Here’s a nice little puzzle I came across in Godfrey Thomson’s Instinct, Intelligence, and Character (1924):
“Imagine a cube, which is going to be cut in two by a straight saw cut. The saw-cut section, the raw face of the cut, can clearly be of various shapes, as square, or triangular (if a corner were cut off). How would you cut the cube so that the section may be a perfect plane hexagon?”
You are not to draw diagrams, or look at cubical or near-cubical objects while thinking it out.
If you are not a mathematician, your first thought (like mine) may be that it is impossible, or that it is a trick question, like those puzzles about making pyramids out of matchsticks. But accept the assurance that it is a genuine puzzle, with a straightforward solution.
Once you accept that there is a solution, it shouldn’t take too long to find it. But the interesting question is how you reach the solution.

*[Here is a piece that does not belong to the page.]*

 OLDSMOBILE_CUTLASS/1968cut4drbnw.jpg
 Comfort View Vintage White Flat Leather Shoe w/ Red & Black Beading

Do you get there purely by visual imagery, purely by logical reasoning, or some combination of the two? (Of course mathematicians may use analytical geometry or whatever, but I’m treating it primarily as a puzzle for the intelligent layman or -woman.)
I suspect that there would be considerable individual differences in approach, and that these might cast some light on different mental ‘factors’. Also, possibly, differences between men and women or groups with different genetic and/or cultural ancestry.